Replication Data for: Assessing the importance of internal and external self-esteem and their relationship to honor concerns in six countries.

Dataset

Description

We assessed empirical support for (1) the widely held notion that across so-called ‘honor, dignity, and face cultures’ internal and external components of self-esteem are differentially important for overall self-esteem, and (2) the idea that concerns for honor are related to internal and external components of self-esteem in honor cultures but not in dignity and face cultures. Most importantly, we also set out to (3) investigate whether measures are equivalent, that is, whether a comparison of means and relationships across cultural groups is possible with the employed scales.

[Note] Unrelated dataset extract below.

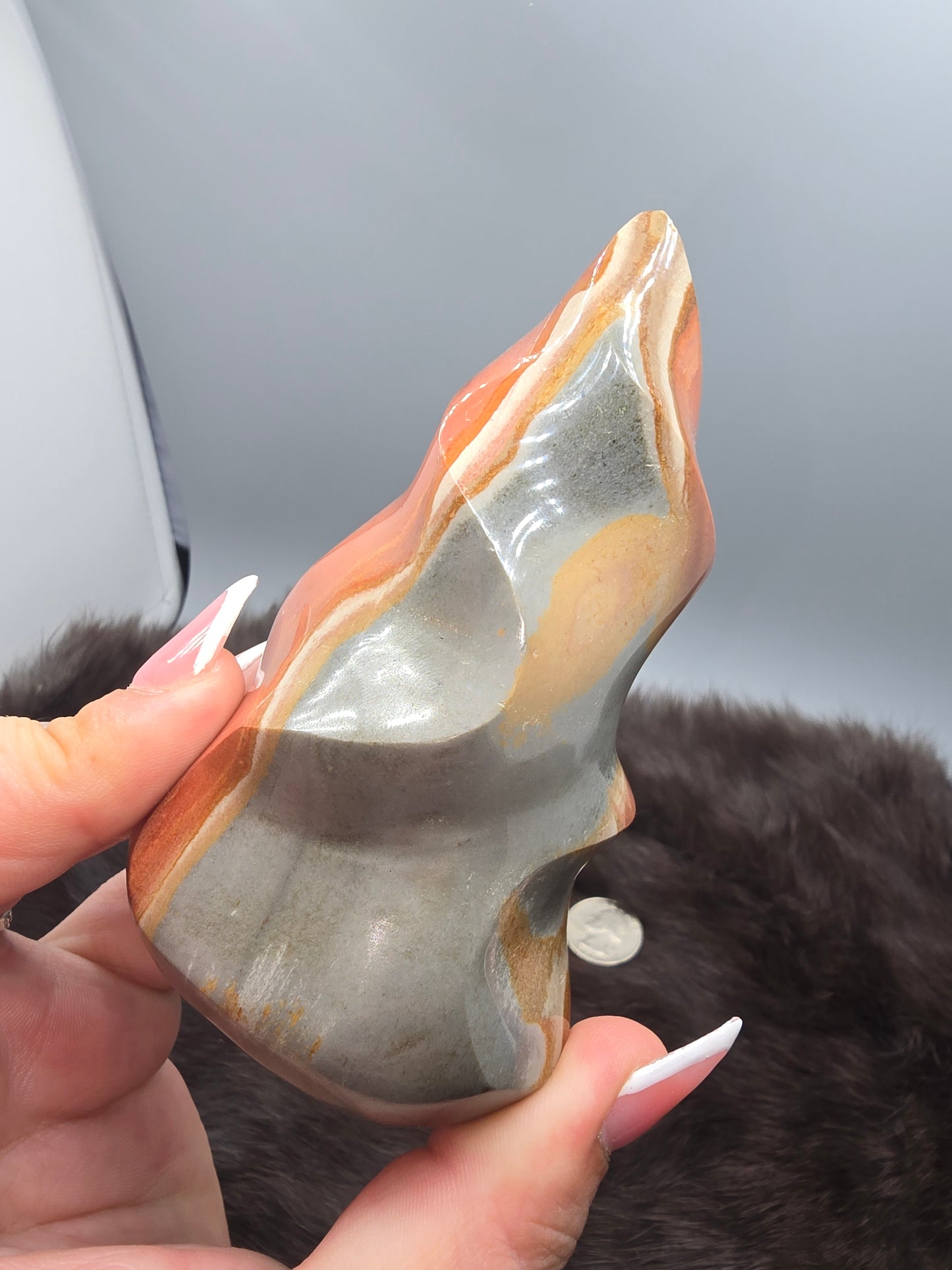 Polychrome jasper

Data were collected in six countries (N = 1099). We obtained only metric invariance for the self-esteem and honor scales, allowing for comparisons of relationships across samples, but not scale means. Partly confirming theoretical ideas on the importance of internal and external components of self-esteem, we found that only external rather than both external and internal self-esteem was relatively more important for overall self-esteem in ‘honor cultures’, in a ‘dignity’ culture internal self-esteem was relatively more important than external self-esteem. Contrary to expectations, in a ‘face’ culture internal self-esteem was relatively more important than external self-esteem. We were not able to conceptually replicate earlier reported relationships between components of self-esteem and the concern for honor, as we observed no cultural differences in the relationship between self-esteem and honor. We point towards the need for future studies to consider invariance testing in the field of honor to appropriately understand differences and similarities between samples.